La piazza è altro. La piazza non ha mai voluto lo scontro ad oltranza e la degenerazione del confronto in violenza. Come ricordava Fady Salah in un’intervista, la piazza mette pressione ma la soluzione deve essere politica.
Sarà per questo che Ayman Nour, leader di Ghad Al-Thawra e uno dei protagonisti di Piazza Tahrir, ha accettato di dialogare con Morsi?
L’Egitto non è diviso in due, ma in tre: la piazza, il National Salvation Front e gli islamisti. O forse no, in quattro. Ed anche nel panorama dell’Islam politico ci sono voci dissidenti che tuttavia, almeno nella componente salafita, sembrano avere richieste diametralmente opposte.
Per Omar Halawa anche i gruppi salatiti si stanno interrogando rispetto alla decisione di appoggiare o meno le mosse di Morsi. Infatti, sebbene il Partito al-Nour voterà in favore della nuova Costituzione insieme ad al-Dawa’a, il Safali front e molti altri shaykh hanno contrastato l’azione del presidente.
Chi si oppone alla nuova Costituzione sostiene che la carta non è adatta a realizzare il progetto di uno Stato islamico dove la shari’a diventi la principale, se non unica, fonte di legislazione.
Divisioni – da una parte e dall’altra – che rafforzano ovviamente il progetto della Fratellanza e permettono che il fronte delle opposizioni sia facilmente attaccabile e dunque attaccato: la strategia del divide et impera si dimostra sempre valida.
E i problemi dell’Egitto di oggi assomigliano a quelli di ieri, quando la popolazione si sollevava contro il regime di Mubarak per chiedere giustizia, libertà e pane.
La mobilitazione egiziana è legata certamente al rifiuto del decreto-Morsi di novembre, ma nasce in realtà dal malcontento per una situazione sociale ed economica che non è cambiata in positivo dall’insediamento del nuovo presidente egiziano.

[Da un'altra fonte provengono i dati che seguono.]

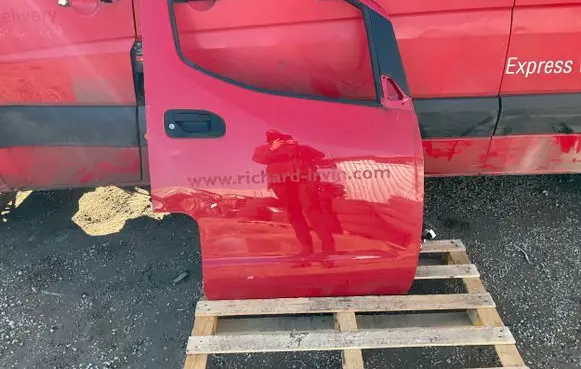 Nissan NV200 Front door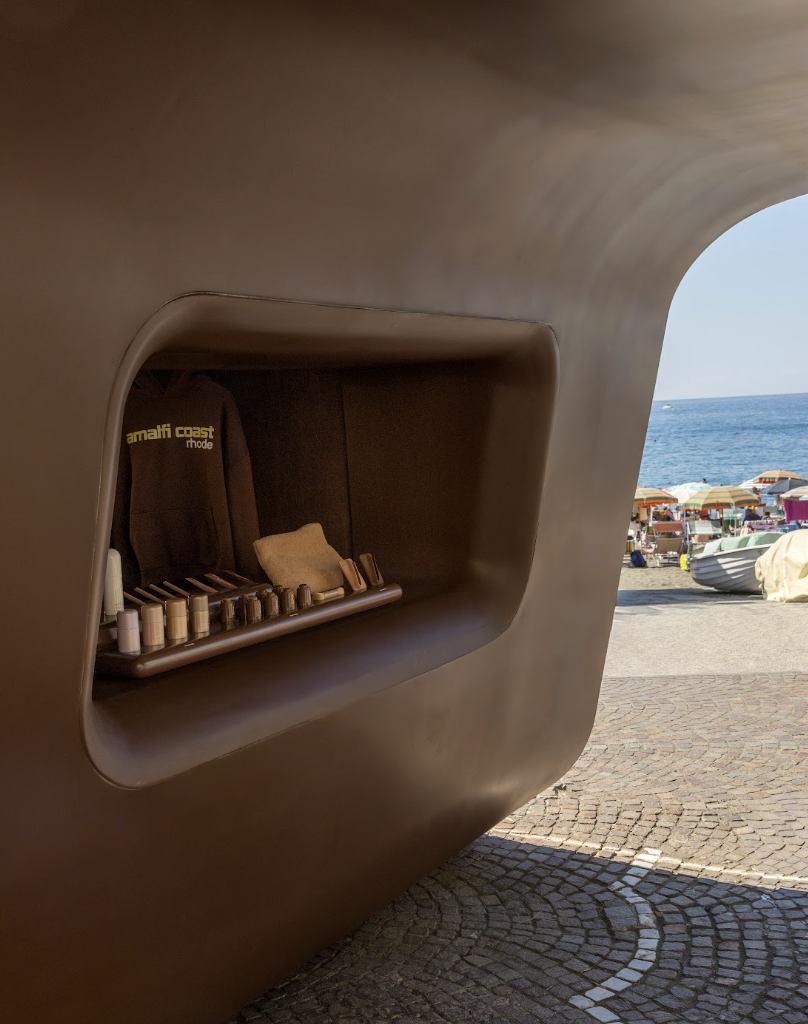 Rhode, Sun and Sea: Inside the Amalfi Coast Pop-Up Rhode, Sun and Sea: Inside the Amalfi Coast Pop-Up Vanity Teen 虚荣青年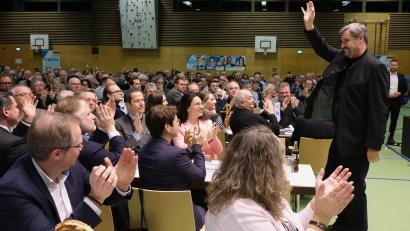 Bild: Hirsch
Beifall für den Ministerpräsidenten: Markus Söder hatte beim CSU-Empfang in der voll besetzten Schwandorfer Oberpfalzhalle ein Heimspiel.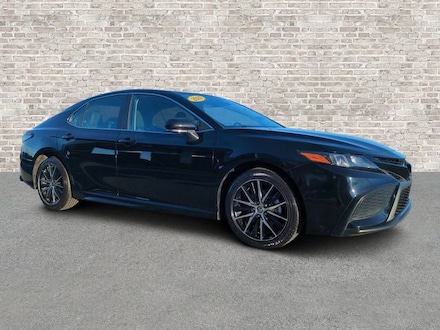 2024 Toyota Camry SE Sedan
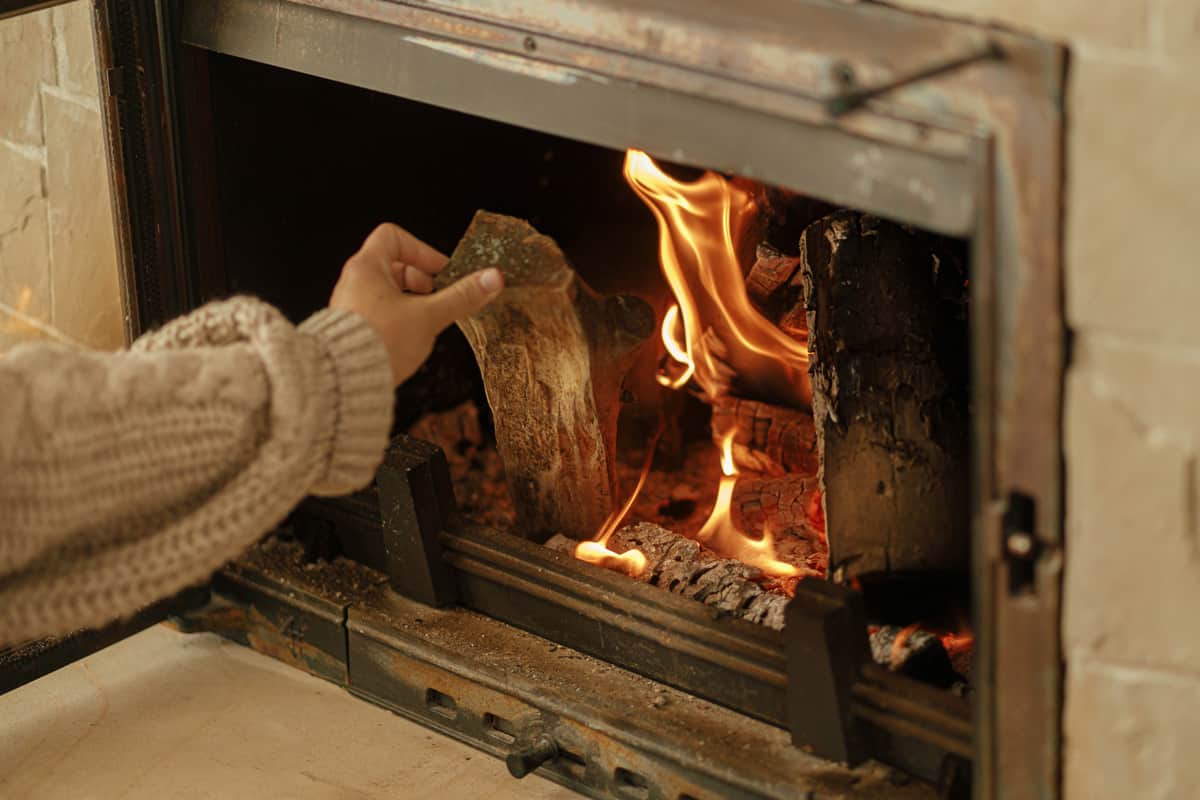 La distribution d'air chaud à partir d'un foyer fermé - Les éléments  d'équipement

I sindacati hanno chiesto più volte che il governo intervenisse per aumentare i bassissimi salari dei lavoratori, così come hanno chiesto di bilanciare il sistema di tassazione, invocando una riforma del sistema pensionistico e un’implementazione della protezione sociale per le classi maggiormente disagiate.
I sindacati, come sottolineano ricercatori ed analisti, sembrano essere l’unico fronte realmente unito in questo momento di crisi.
Un fronte compattato dinnanzi ai continui attacchi del presidente Morsi e che ha ben chiaro quali sono i suoi obiettivi e le sue richieste. Un fronte che ha spinto la cittadina di Mahalla, principale centro di produzione tessile del paese, a dichiarare la propria indipendenza dal resto della nazione.
La piazza si muove, dunque, per le sue rivendicazioni politiche e sociali, per protestare contro il decreto, ma anche contro condizioni economiche che non migliorano.
Il rischio è lo stesso del 25 gennaio 2011: che la politica, quella dell’ancien regime, quella che non vuole il cambiamento, sfrutti la sua mancanza di unità e di leadership per mantenere il potere.
Secondo la professoressa Dina el-Khawaga della Cairo University “non si tratta né di uno scontro tra poteri rivoluzionari e contro-rivoluzionari, né di un conflitto tra misure democratiche ed autoritarie: è piuttosto un confuso mix di entrambi”.
La confusione degli osservatori e dei mass media che guardano alla piazza come emanazione del National Salvation Front, che ignorano le motivazioni di un malessere sociale che ha ragioni profonde, che trattano il panorama islamista come un mondo unito e compatto.
Così come non è del tutto unito e compatto il mondo dell’opposizione al presidente Morsi. Ancora una volta, “l’assenza di soggettività politiche di massa, in grado di farsi portavoce delle rivendicazioni politiche e sociali della popolazione egiziana scesa per le strade*” in seguito al decreto del 22 novembre 2012 sta mostrando tutto il suo peso.
December 16, 2012
* La citazione in corsivo è tratta da Osservatorioiraq.it (acura di), Cronache di una controrivoluzione, Roma, Edizioni dell’Asino, 2012.